My Log 414 March 11 2014: Am I a drunk monkey? The problem in Israel is almost unrelievedly depressing

Boycott Israel-poster
Boycott Israel-poster (Photo credit: Creap)
Palestine Cemetery
Palestine Cemetery (Photo credit: NatalieMaynor)
Open-air market in city being patrolled by Isr...
Open-air market in city being patrolled by Israeli troops (2004). (Photo credit: Wikipedia)
English: Juliano Mer Khamis Headshot. Deutsch:...
English: Juliano Mer Khamis, executed head of Jenin theatre school (Photo credit: Wikipedia)
Talk about sad! And depressing!  I had scarcely stopped reflecting on the sad spectacle I wrote about yesterday of watching a former Israeli foreign minister, who seemed to be a reasonable and decent man,  painfully trying to reconcile the Zionism of which he said he is an “ardent” defender, with the liberal political principles he also espouses, before I was again plunged into the maelstrom of the Israeli-Palestinian imbroglio, thanks to a screening last night of an excellent film called Fragments of Palestine  by Cinema Politica Concordia.

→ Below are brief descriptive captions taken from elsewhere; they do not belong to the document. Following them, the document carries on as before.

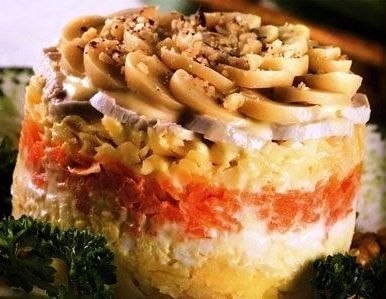 Салат 'Курочка с орешками'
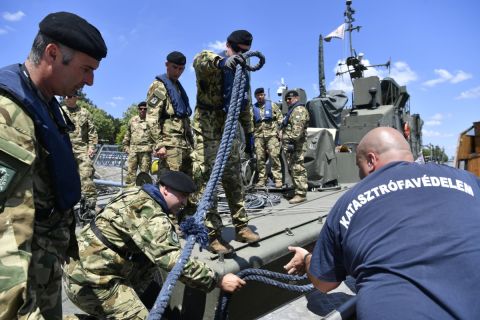 A mentőcsapat vízi bázisaként használt Dunaújváros hajó és a legénység tagjai a Margitszigetnél 2019. június 3-án.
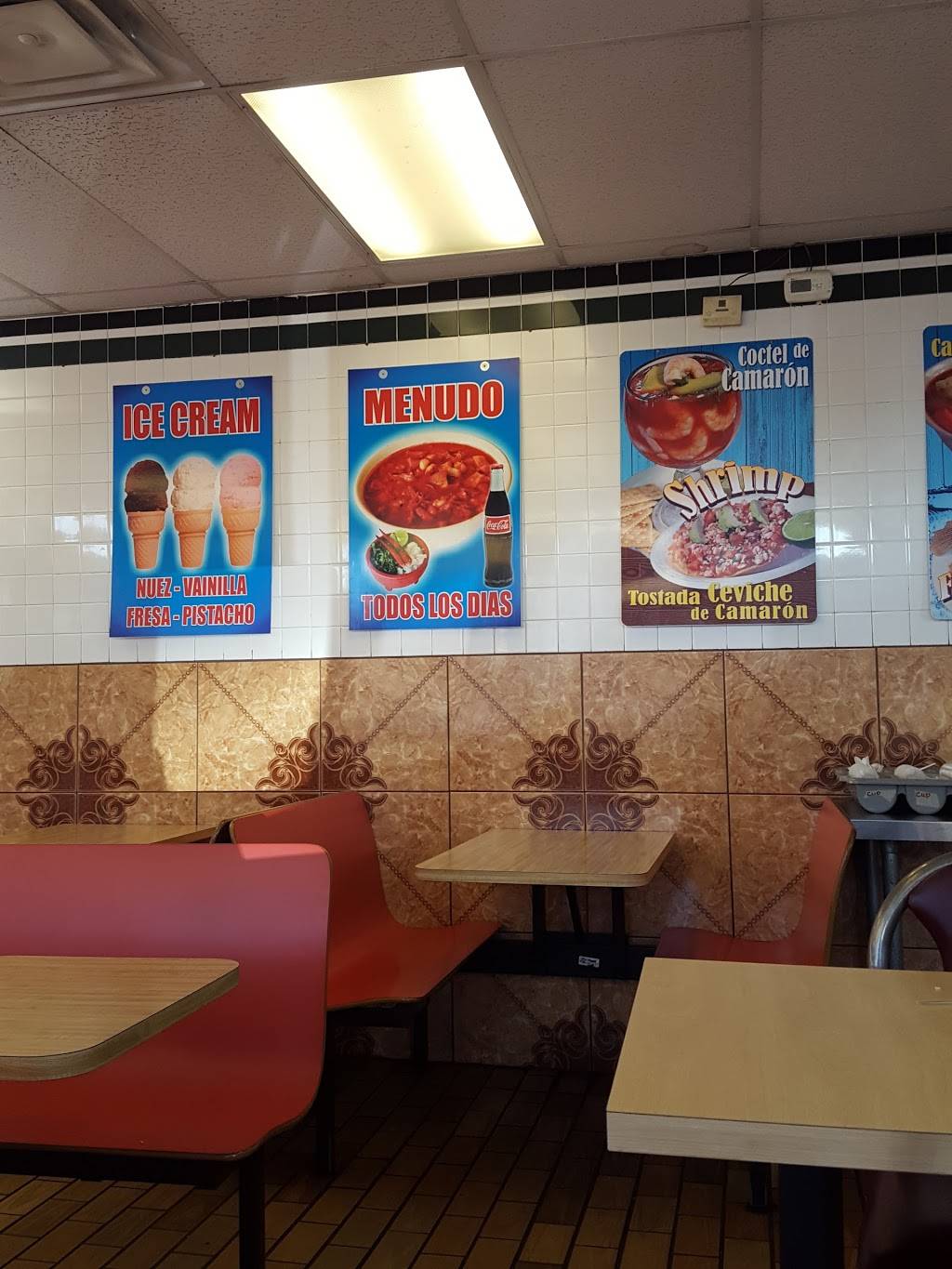 Salsitas | restaurant | 1501 N 43rd Ave #1, Phoenix, AZ 85009, USA | 6022783615 OR +1 602-278-3615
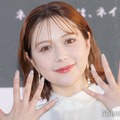 村重杏奈、美谷間強調 ニットキャミ姿に反響「綺麗」「お人形さんみたい」 画像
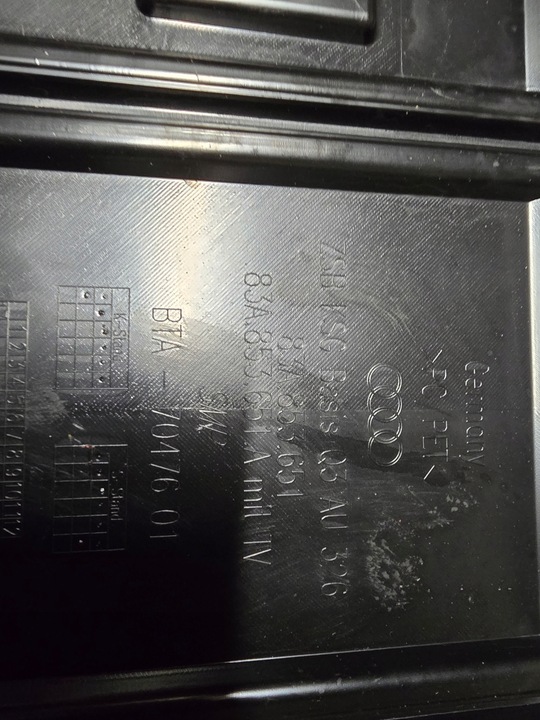 фото №6, Решётка радиатора решётка бампера перед audi q3 ii 83a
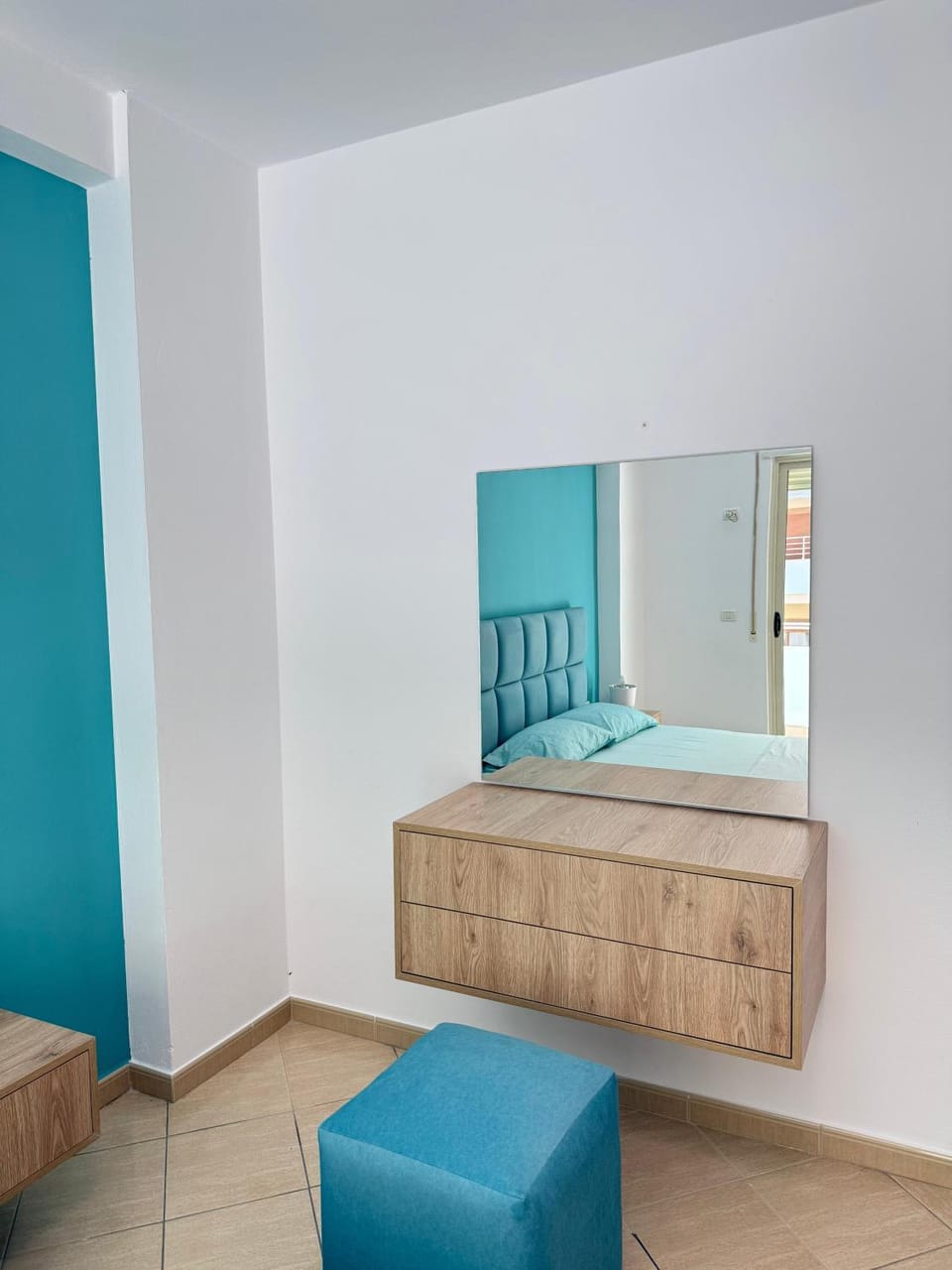 Photo of the whole room, Bedroom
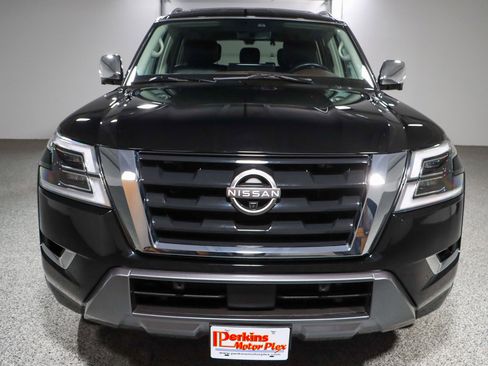 Used 2023 Nissan Armada Platinum w/ Cargo Package AWD/4WD image 4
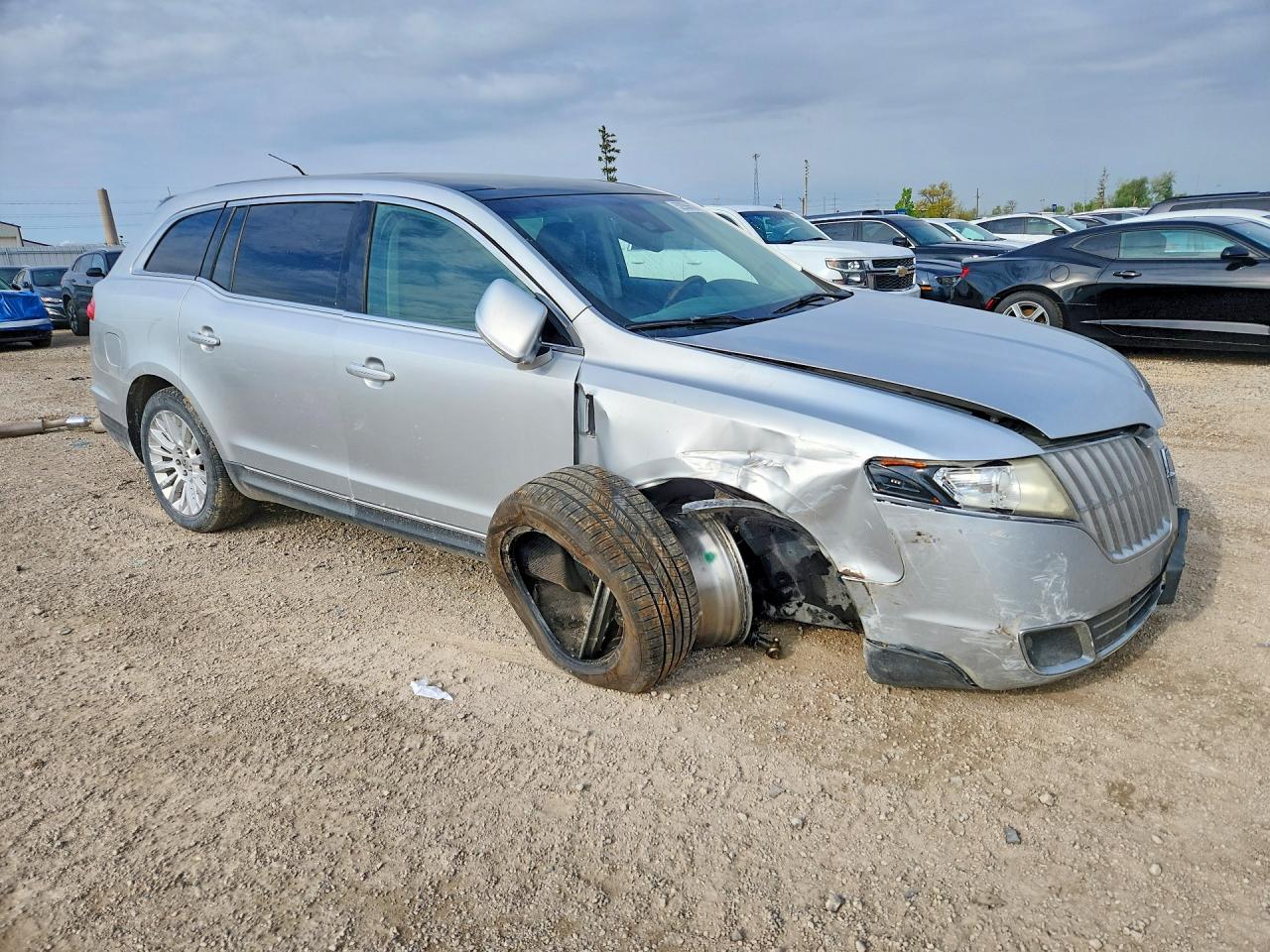 2010 Lincoln Mkt Silver vin: 2LMHJ5AR8ABJ30456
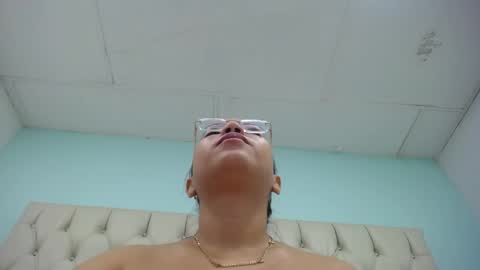 Snapshot of cumontitsxxx chatting on April 7, 2026, 11:32 am Cumontitsxxx online show from April 7, 2026, 11:32 am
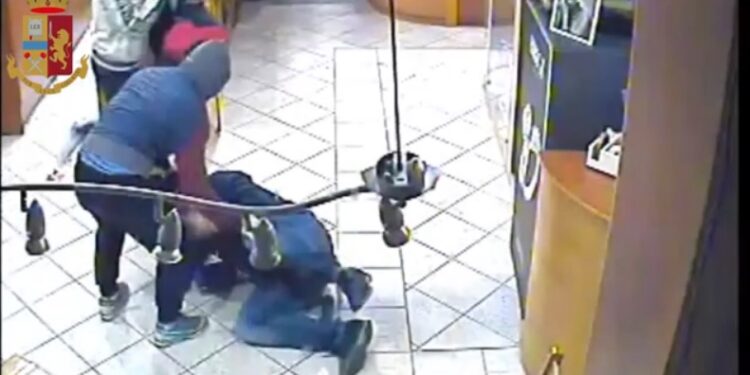 Rapinò una gioielleria di Siracusa, inchiodata dalle immagini di una telecamera: arrestata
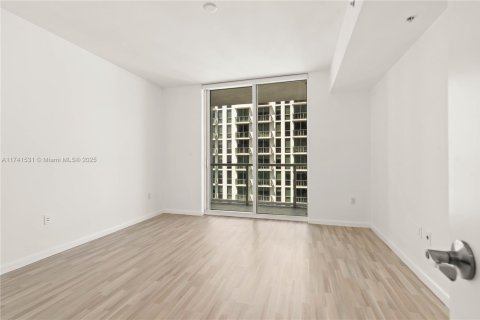 Condo in Miami, Florida, 1 bedroom  № 1860549 - photo 21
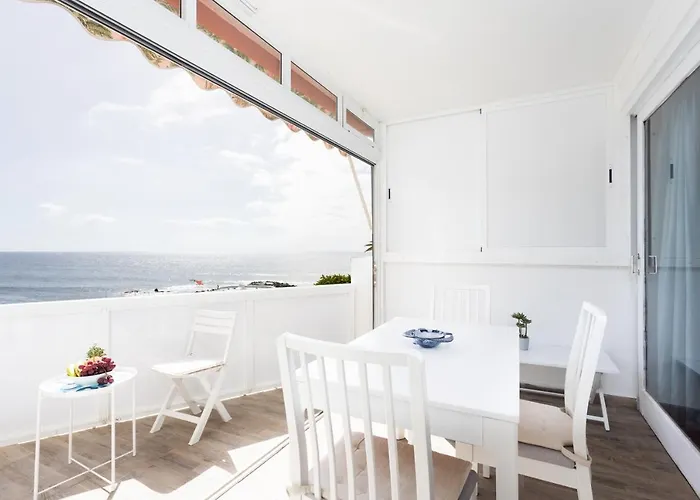 Апартаменты Home2book Seafront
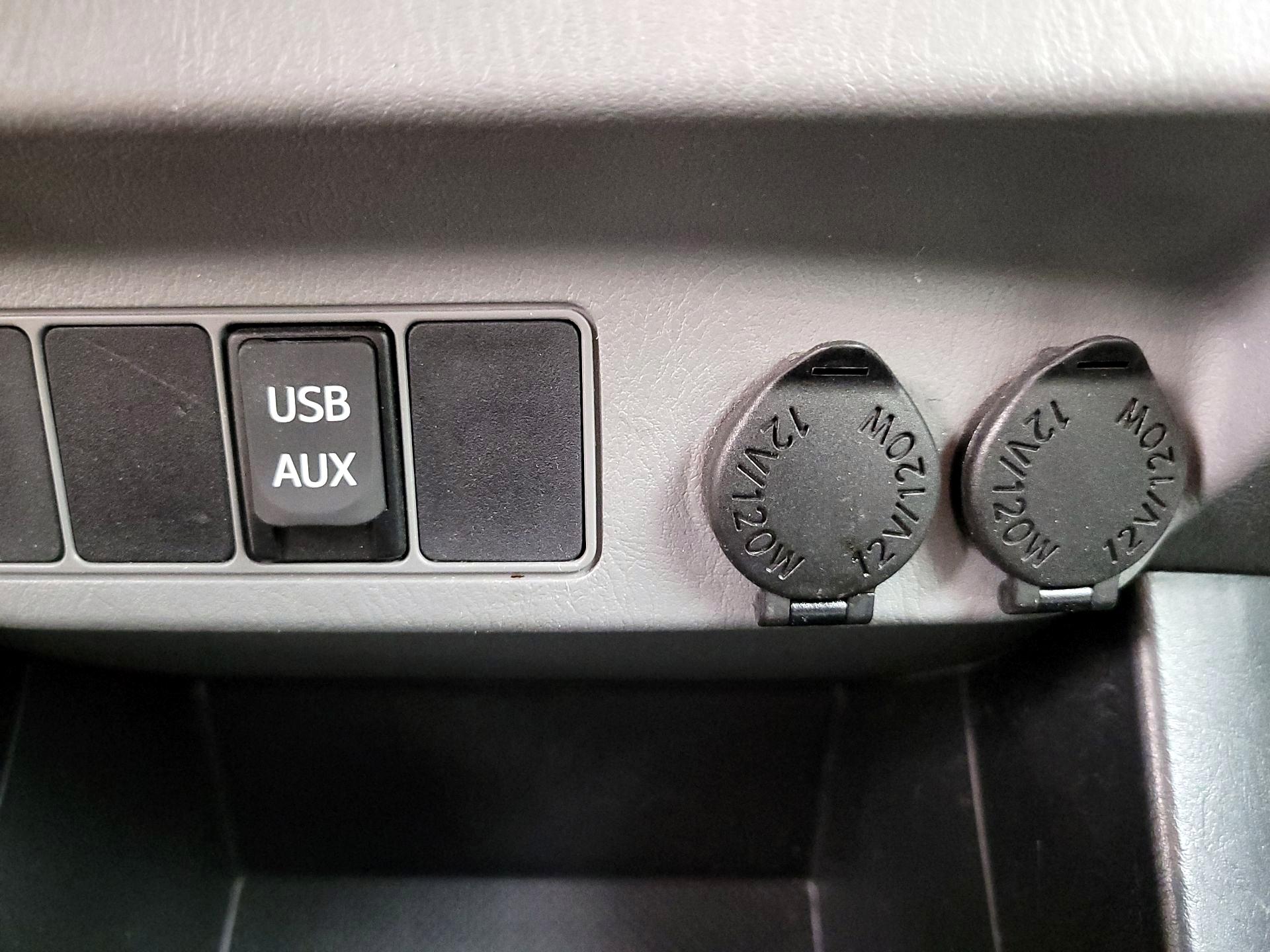 Thumbnail: 2014 Toyota Tacoma - 17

Ezra Winton, who moderated the screening, said in introduction that they tried to screen a film every year about Palestine, and this one was slightly more hopeful than the earlier ones.
If this is hopeful, I am a drunk monkey. Of course, if you are a glass-half-full kind of guy, there were some hopeful things to be taken out of the film.  But the previous night I had heard Avi Shlaim, an Oxford historian who once served in the Israeli Defence Force, memorably describe the present Israeli Prime Minister as a man who is negotiating the division of a pizza but who keeps eating it. And this film is about what is happening on the ground  while this farcical negotiation is proceeding as it has done for decades, and Netanyahu keeps eating the land without anyone in the international community --- read, especially the United States --- ever trying to stop him in mid-bite, as it were.
Even the former Foreign Minister, Shlomo Ben Ami, had to admit that the  state of Israel, which still claims to be a democracy within its original borders, lost its international credibility after the 1967 war when “it became a colonial power ruling over a captive population.”
This is the elephant in the room in all discussions about Israel and its neighbours, and last night’s film, beautifully shot and edited by a young German woman named Marie Caspari and her crew, is a detailed description of this colonial situation (to use the word used by Ben Ami).
The film is based mostly on a small town of 1800 inhabitants on the West Bank, Bil’in. It tells the story of three people either directly or peripherally engaged in the countless demonstrations of resident protest  against the Israeli separation wall, which ran through Bil’in’s lands, and against the route of which the residents won court victories first at the International Court of Justice, and then at the Israeli Supreme Court. In this latter judgment, the Israeli government was ordered to move the wall off the Bil’in lands --- a judgment made in 2007, but not executed until 2011. Ms. Caspari’s film was made during that interregnum.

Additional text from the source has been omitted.